* _Work request_
Pictures aside, write out every record exactly as it appears.

Captioned web images:
########################################

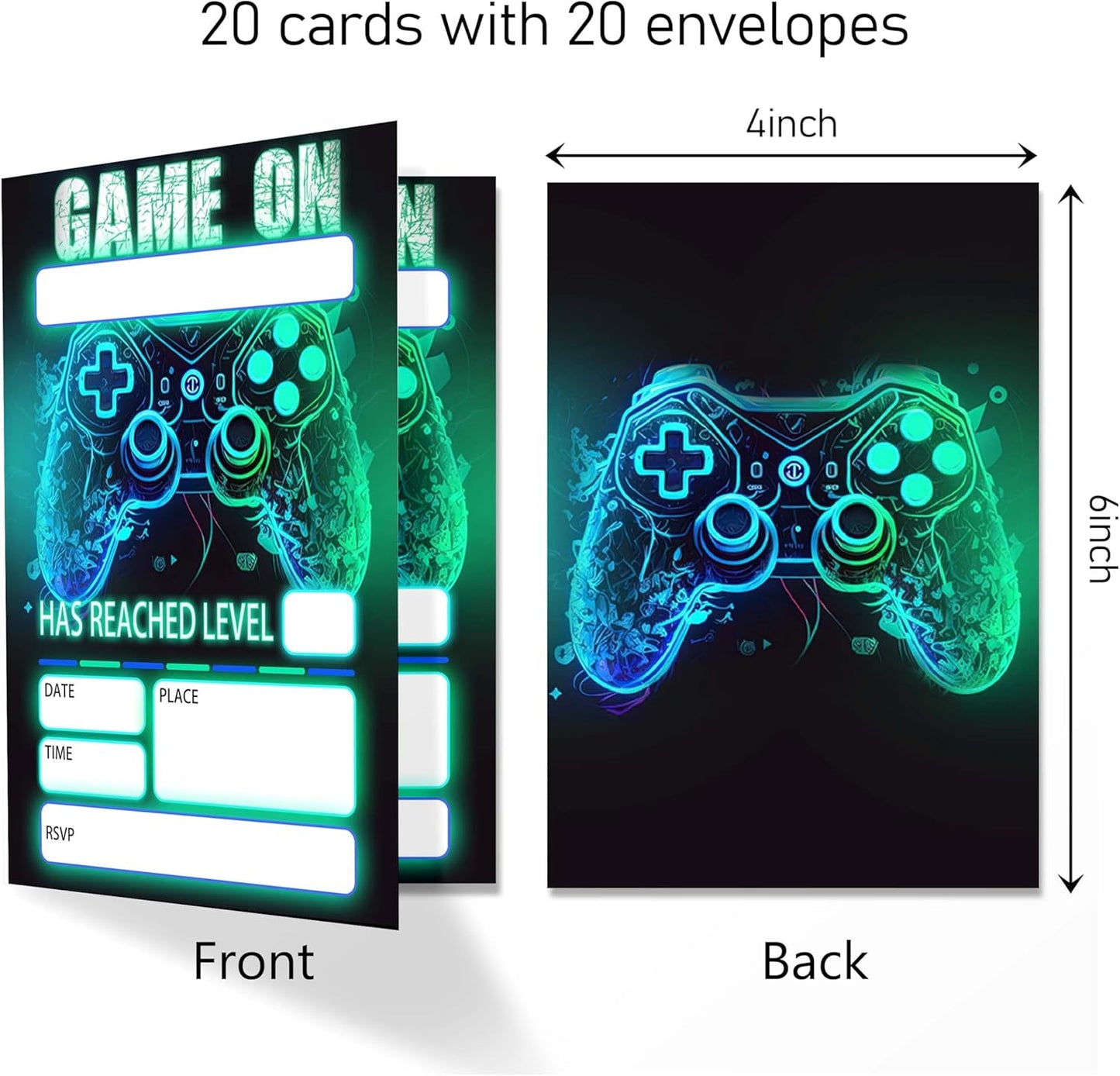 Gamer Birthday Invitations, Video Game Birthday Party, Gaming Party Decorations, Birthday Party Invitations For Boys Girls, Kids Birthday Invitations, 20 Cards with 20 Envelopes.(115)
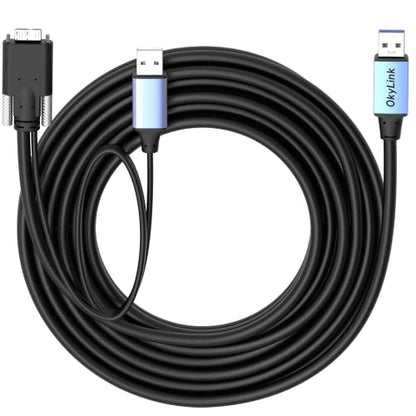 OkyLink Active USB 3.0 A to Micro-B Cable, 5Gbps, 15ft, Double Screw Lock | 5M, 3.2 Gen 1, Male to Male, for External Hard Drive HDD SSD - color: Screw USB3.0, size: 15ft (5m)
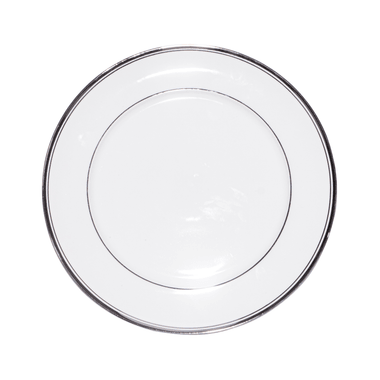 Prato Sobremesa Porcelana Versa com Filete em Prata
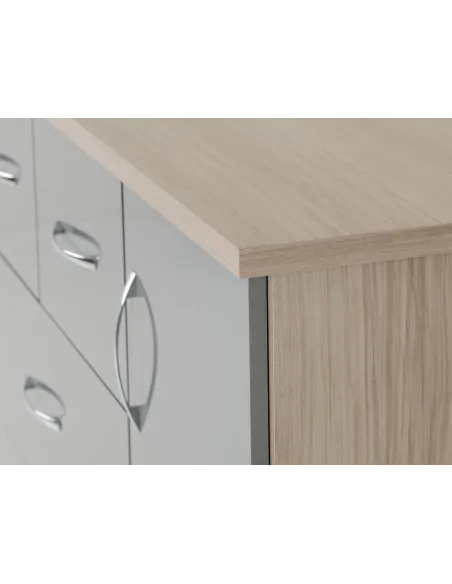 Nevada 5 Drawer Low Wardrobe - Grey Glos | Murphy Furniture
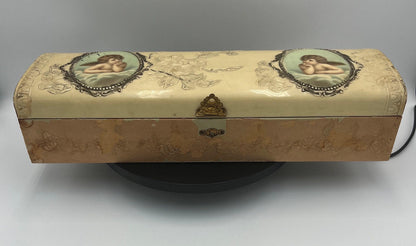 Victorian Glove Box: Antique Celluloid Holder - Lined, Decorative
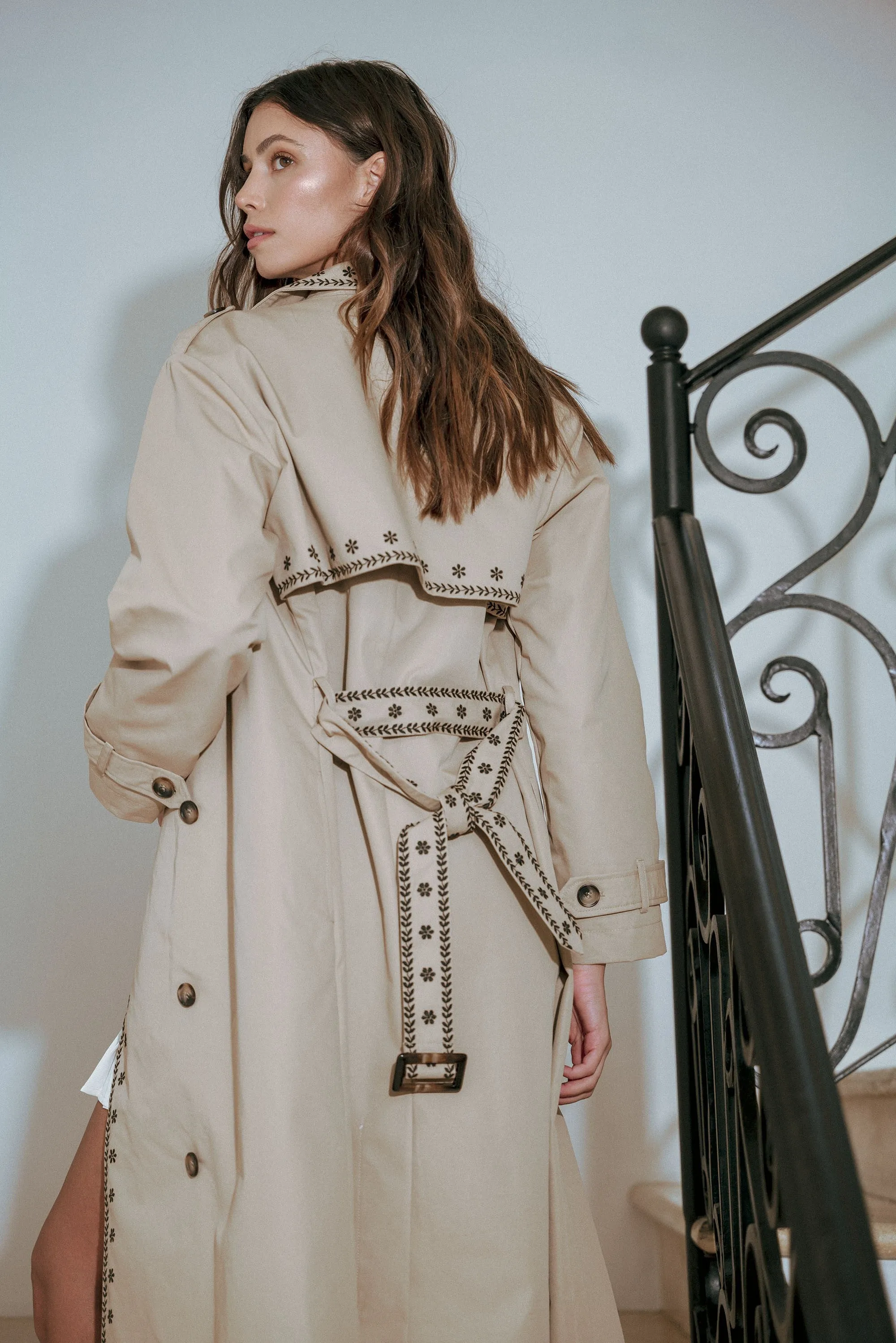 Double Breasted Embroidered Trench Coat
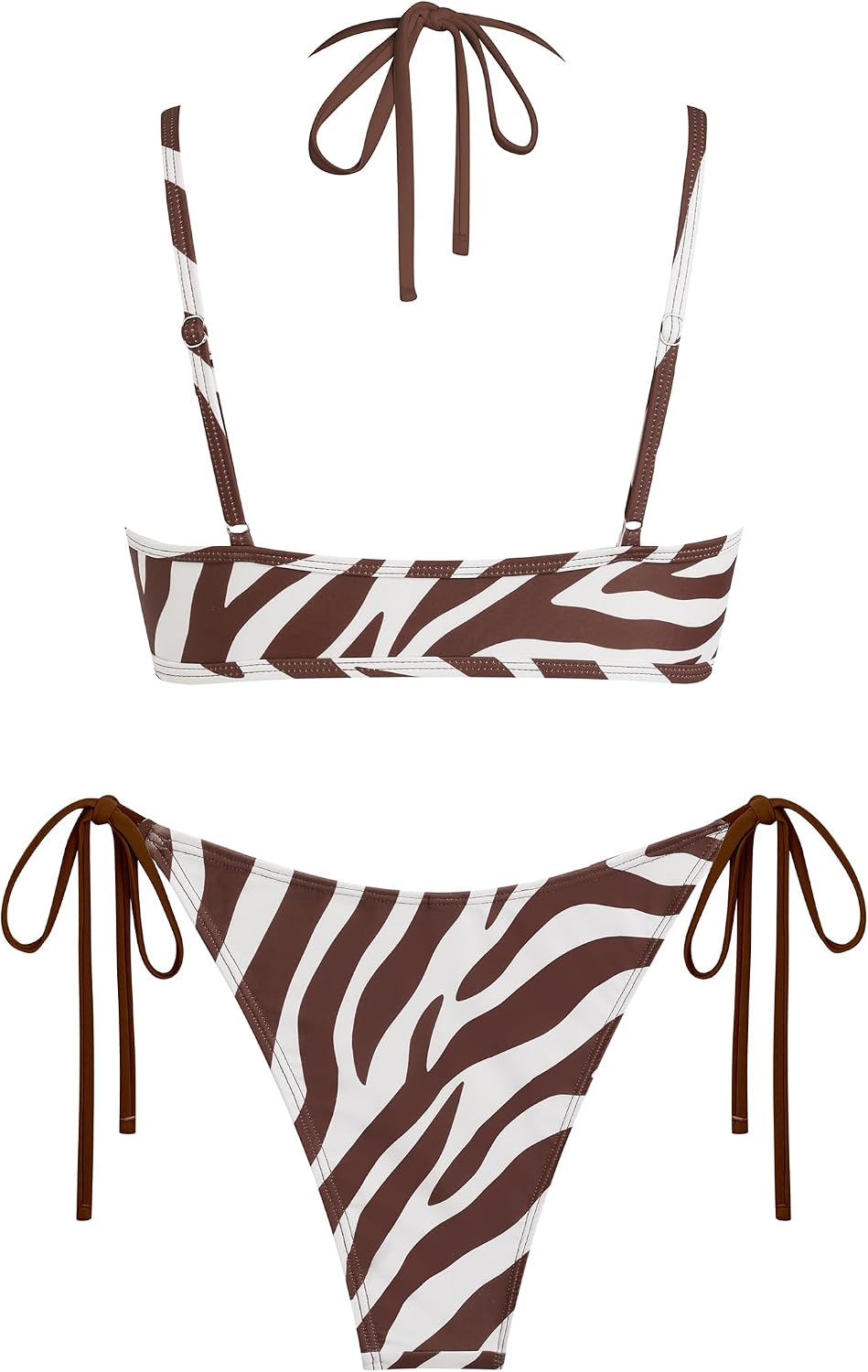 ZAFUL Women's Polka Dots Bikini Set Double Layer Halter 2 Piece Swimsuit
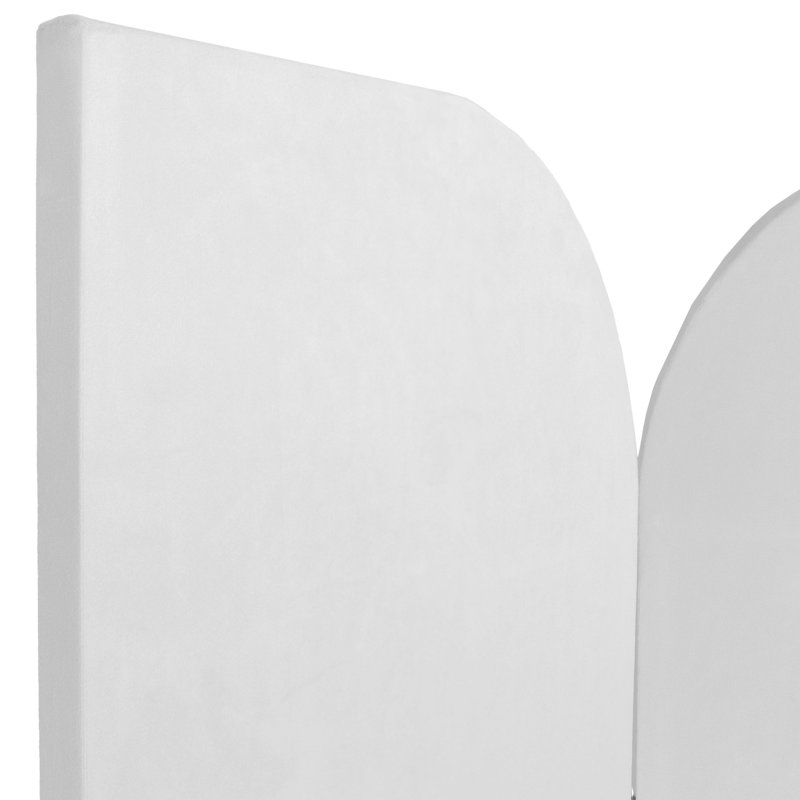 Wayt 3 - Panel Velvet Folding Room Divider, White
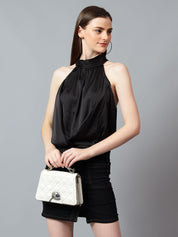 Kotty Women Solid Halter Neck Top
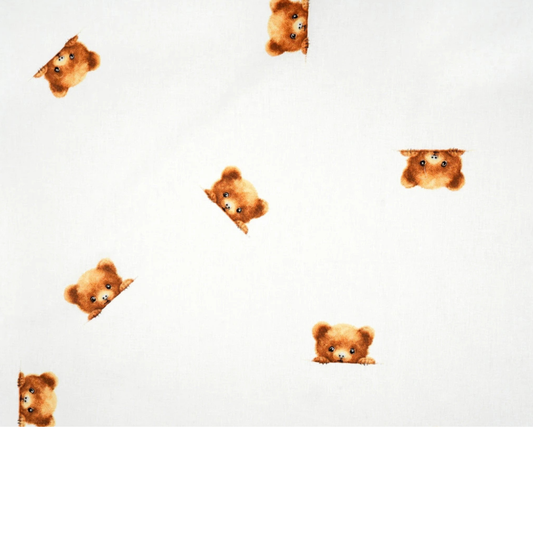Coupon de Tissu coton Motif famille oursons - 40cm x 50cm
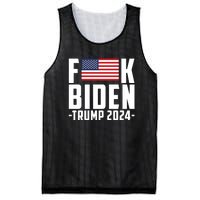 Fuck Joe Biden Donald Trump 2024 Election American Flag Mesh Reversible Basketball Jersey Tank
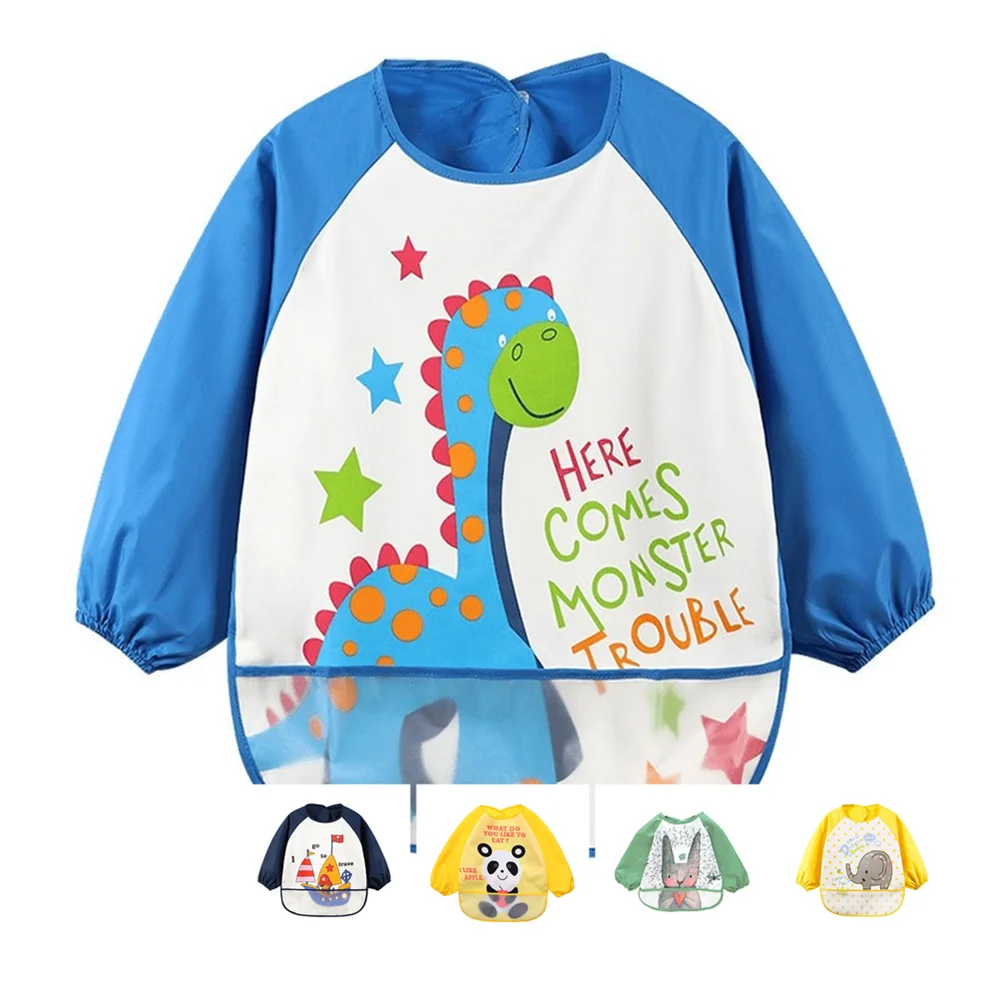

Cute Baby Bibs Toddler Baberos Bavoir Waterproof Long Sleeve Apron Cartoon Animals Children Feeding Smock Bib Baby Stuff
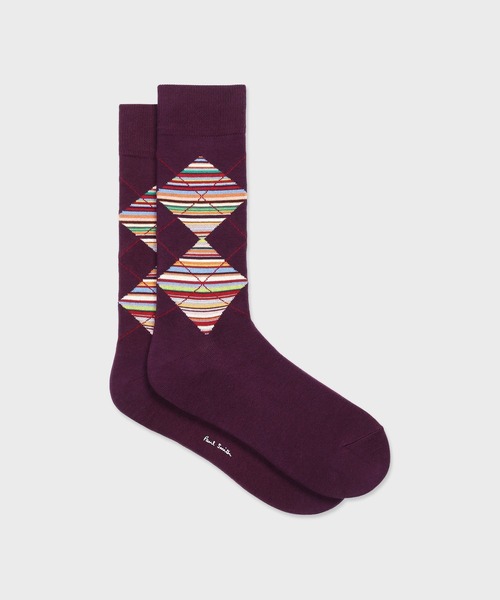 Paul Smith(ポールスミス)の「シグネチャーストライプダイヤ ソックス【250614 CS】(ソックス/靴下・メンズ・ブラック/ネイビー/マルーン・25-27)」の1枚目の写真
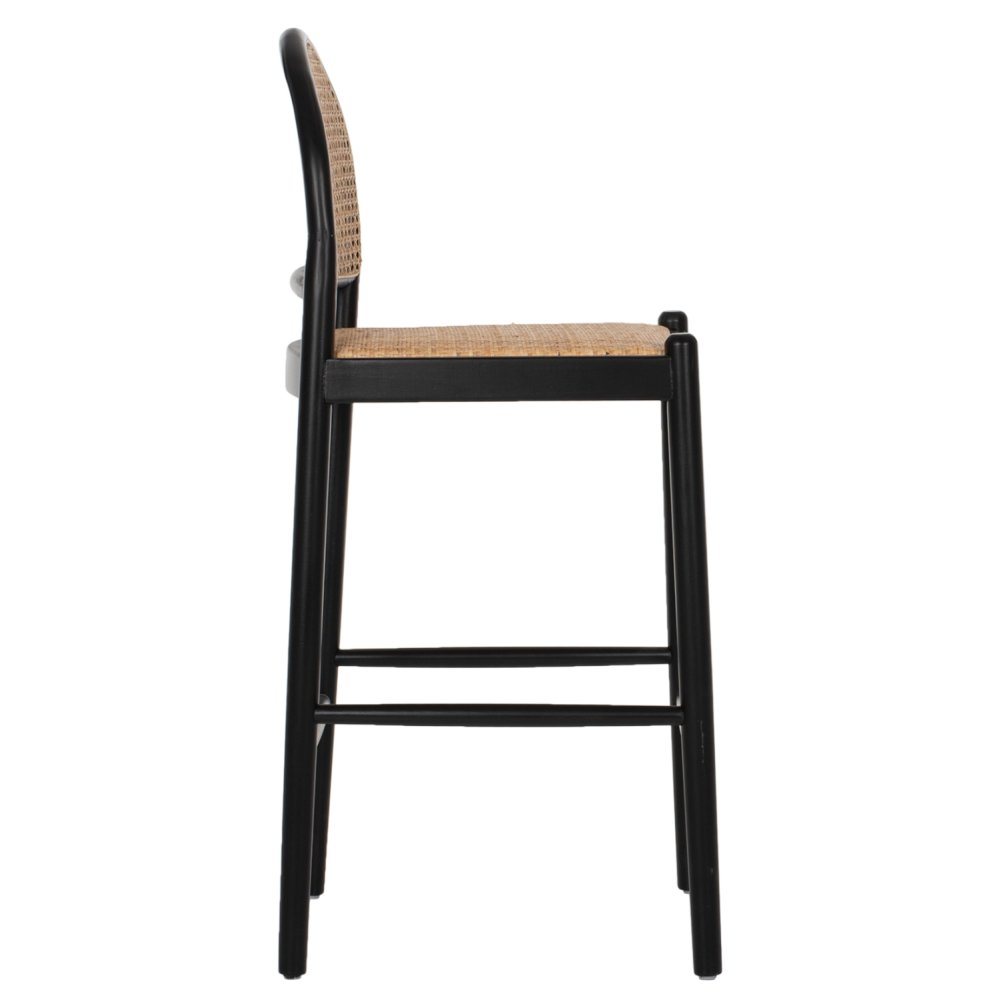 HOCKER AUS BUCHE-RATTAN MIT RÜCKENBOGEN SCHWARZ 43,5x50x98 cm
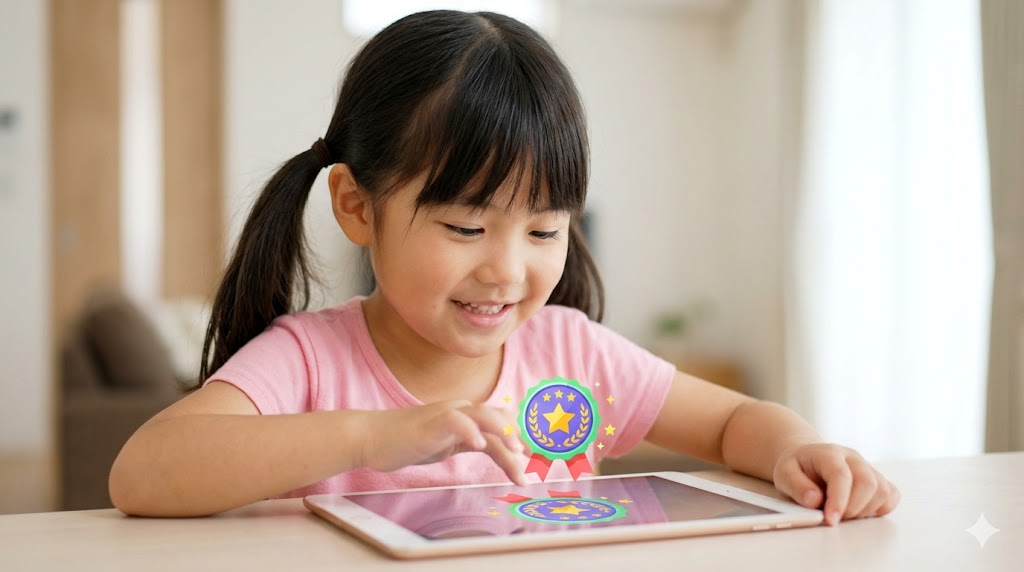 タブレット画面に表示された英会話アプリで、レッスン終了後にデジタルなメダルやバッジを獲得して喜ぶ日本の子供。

########################################

* _Answer area_
 Gamer Birthday Invitations, Video Game Birthday Party, Gaming Party Decorations, Birthday Party Invitations For Boys Girls, Kids Birthday Invitations, 20 Cards with 20 Envelopes.(115)
 OkyLink Active USB 3.0 A to Micro-B Cable, 5Gbps, 15ft, Double Screw Lock | 5M, 3.2 Gen 1, Male to Male, for External Hard Drive HDD SSD - color: Screw USB3.0, size: 15ft (5m)
 Prato Sobremesa Porcelana Versa com Filete em Prata
 Nevada 5 Drawer Low Wardrobe - Grey Glos | Murphy Furniture
 Victorian Glove Box: Antique Celluloid Holder - Lined, Decorative
 Double Breasted Embroidered Trench Coat
 ZAFUL Women's Polka Dots Bikini Set Double Layer Halter 2 Piece Swimsuit
 Wayt 3 - Panel Velvet Folding Room Divider, White
 Kotty Women Solid Halter Neck Top
Coupon de Tissu coton Motif famille oursons - 40cm x 50cm
 Fuck Joe Biden Donald Trump 2024 Election American Flag Mesh Reversible Basketball Jersey Tank

Cute Baby Bibs Toddler Baberos Bavoir Waterproof Long Sleeve Apron Cartoon Animals Children Feeding Smock Bib Baby Stuff
 Paul Smith(ポールスミス)の「シグネチャーストライプダイヤ ソックス【250614 CS】(ソックス/靴下・メンズ・ブラック/ネイビー/マルーン・25-27)」の1枚目の写真
 HOCKER AUS BUCHE-RATTAN MIT RÜCKENBOGEN SCHWARZ 43,5x50x98 cm
 タブレット画面に表示された英会話アプリで、レッスン終了後にデジタルなメダルやバッジを獲得して喜ぶ日本の子供。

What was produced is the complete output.